Location
- Folly Farm Lane Ashley, Hampshire, BH24 2NN England 50°50′35″N 1°48′32″W﻿ / ﻿50.84313°N 1.80891°W

Information
- Type: Independent School Waldorf School
- Established: 1974
- Founder: Christine Polyblank
- Department for Education URN: 113943 Tables
- Ofsted: Reports
- Head teacher: College of Teachers
- Gender: Co-educational
- Age: 3 to 18
- Website: http://ringwoodwaldorfschool.org.uk/

= Ringwood Waldorf School =

Ringwood Waldorf School is an Independent School for 3-18 year olds located on the edge of the New Forest, near the Dorset and Hampshire border. Established in 1974, the school was founded on the principles of Waldorf education and follows a unique curriculum that aligns learning with children's natural developmental stages. This approach cultivates a lifelong love of learning and prepares students to meet the challenges of an evolving world with confidence and purpose.

==History==

Ringwood Waldorf School was founded in 1974 by Christine Polyblank after Alex Baum from the Camphill Movement Sheiling School invited her to establish a Waldorf school for the children of the co-workers. The school started with just six pupils in a row of cottages at Folly Farm and quickly expanded, moving into temporary buildings as more families joined.

By the late 1980s, the school relocated to its permanent site on Folly Farm Lane, expanding to offer Kindergarten through to Lower School. In 1986, architect and builder Keir Polyblank took responsibility for developing the new school site.

==Campus==

Today Ringwood Waldorf School has a purpose built campus, with four kindergartens, 12 classrooms, an art studio, science lab and multi-purpose hall as well as some dedicated rooms for special activities such as Music, Handwork, Woodwork and Eurythmy. It offers an education from Kindergarten to Upper School for children aged 3 to 18 years.

The school sits on the edge of the New Forest and can be accessed by foot and bicycle on the popular Castleman Trailway. This direct access to the forest allows students to engage closely with the natural world, enriching their learning and sense of place.

The school shares the site with the Lantern Community a Camphill Movement initiative. The Lantern café and shop are a friendly spot where parents can meet and connect, helping to build a warm, supportive community around the school.

==Curriculum==
Ringwood Waldorf School follows the Waldorf curriculum, a unique framework that aligns learning with children's natural developmental stages. This holistic approach to education cultivates curiosity and inspires both academic engagement and creative expression.

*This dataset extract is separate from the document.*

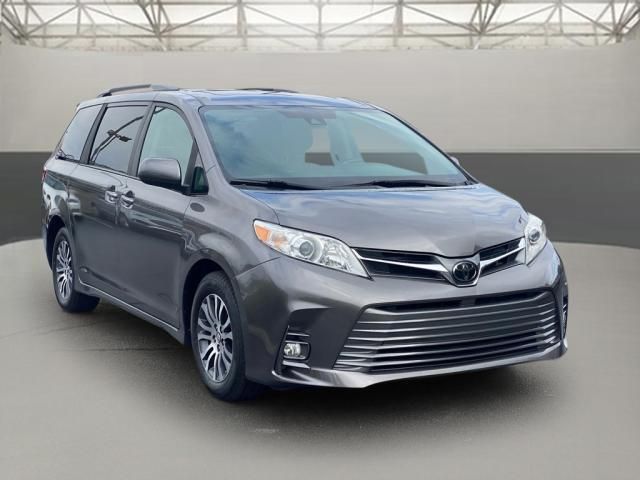 2020 Toyota Sienna XLE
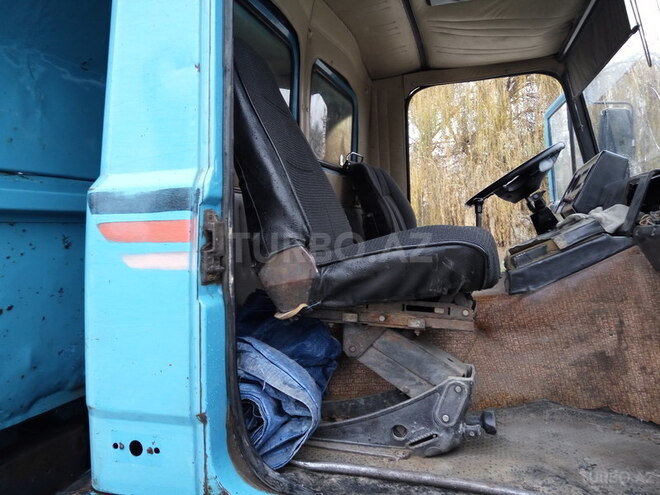 MAZ 54322 1991, 358,609 km - 1.2 l - Qusar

By fostering a classroom teaching style grounded in child development, teachers can adapt to the diverse needs of their students and engage with each child individually to ignite their personal love for learning.

Children can attend Ringwood Waldorf School for their whole school journey. The Parent and Child group welcomes children from birth to 4 years, Kindergartens from 3 to 6 years, Lower School from 6 to 14 years and Upper School from 14 to 18 years.

Upper School students follow the Waldorf curriculum while working towards Level 2 and 3 Integrative Education Certificates and Diplomas, accredited by Crossfields Institute and regulated by Ofqual. These qualifications, equivalent to GCSEs and A-levels, provide a rigorous education and the opportunity to earn UCAS points. Students also take GCSEs in English Language and Mathematics, ensuring a well-rounded and internationally recognised qualification.

==Extracurricular activities==
===Comenius School Partnership Programme===
Supported and funded by the British Council and the European Commission, this is a two-year project in which the school invites foreign teachers and students to a programme of activities. Ringwood Waldorf School pupils also visit schools in Spain, Germany, Italy, Turkey and Estonia to learn drama, circus skills and sculpture.

===International Summer School===
The school teams up with the Lewis School of English to offer an International Summer School. It is based at the Ringwood Waldorf School and offers purpose-built classrooms, a large theatre, gymnasium, workshops for dance, arts and craft activities and access to nearby fields and forest and to Ringwood, a historic market town on the edge of the New Forest National Park.